Luther was a point of reference in all three of the confessional cultures during the confessional age, though this was not something he had intended. His theological “self-fashioning” was not meant to secure, canonize, or stabilize his own works or his biography. Rather, he believed, and was convinced, that the hidden God rules in a strange way. He hides himself in the course of the world and realizes what we would have liked to realizes. Apart from this theological viewpoint, historiographic differentiation is needed: Luther had different impacts on each of the three confessions. Furthermore, one also has to differentiate between a deep impact and the unintended effects of Luther’s thinking. Luther was an extremely polarizing figure. From the beginning, he underwent a heroization and a diabolization by his contemporaries. Apart from this black-and-white reception of his person, it was, and still is, extremely difficult to analyze Luther, his work and medial effects. Historians have always been fixated on Luther: he was the one and only founder of Protestantism. His biography became a stereotype of writing and was an important element of Protestant (or anti-Protestant) identity politics. For some Protestants, his biography became identical with the history of salvation (Heilsgeschichte). For his enemies, his biography was identical with the history of the devil.
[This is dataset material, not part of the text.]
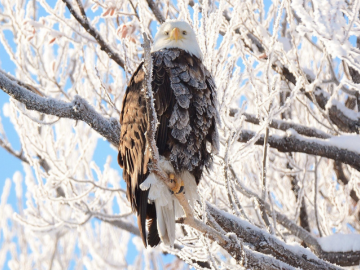 photo of a bald eagle in winter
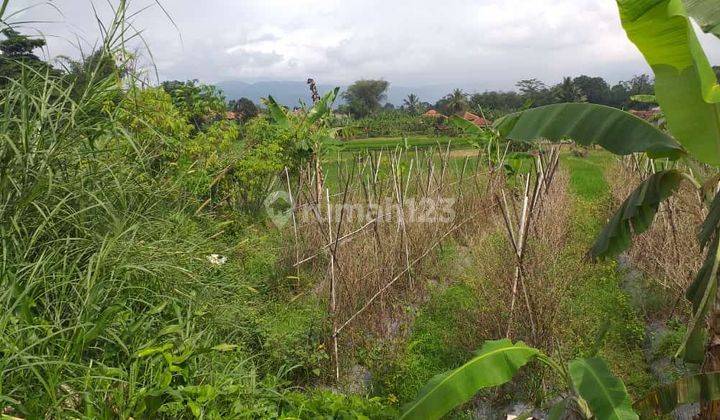 Tanah rata sangat strategis view lepas ke gunung  2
In all historical fields, one has to differentiate between the different groups and people who protected or attacked Luther or shared his ideas. The history of Luther can only be written as a shared history with conflict and concordances: the so-called Anabaptists, for example, shared Luther’s antihierarchical ideal of Christian community, although on the other hand “they” were strongly opposed toward his theology and person. Luther or example, had conflicts with the humanists and with Erasmus especially; he argued about the Lord’s Supper with Zwingli, he criticized the Fuggers because of their financial transactions in an early capitalist society; and, last but not least, he was in conflict with the Roman Church. The legitimization of different pictures of Luther always depends upon the perspectives of the posterity: either Luther was intolerant against spiritualists, Anabaptists, or peasants who were willing to resort to violence; or he was defended by humanists like Sebastian Castellio for defending religious tolerance. During his lifetime Luther was an extremely polarizing figure. Hundreds of pro-Lutheran and polemical anti-Lutheran leaflets or texts were published. The many literary forms of parody, satire, caricature, the grotesque, and the absurd were cultivated during the confessional age. Luther’s biography was often used by Lutheran theologians as an instrument of heroization and identity politics in public discourse.
Historically, one can differentiate between the time before and after Luther. The political and religious unity of the Holy Roman Empire was strongly disturbed, if not broken, through the Reformation. The end of the Universalist dreams of universal powers like theology and politics (pope and emperor) were some of the central preconditions for political, cultural, and theological differentiation of Europe. Religious differentiation was one of the unintended effects of theology and the interpretation of the scripture. Decades after Luther’s death, the Holy Roman Empire slowly and surprisingly turned into a poly-, multi- and interconfessional society.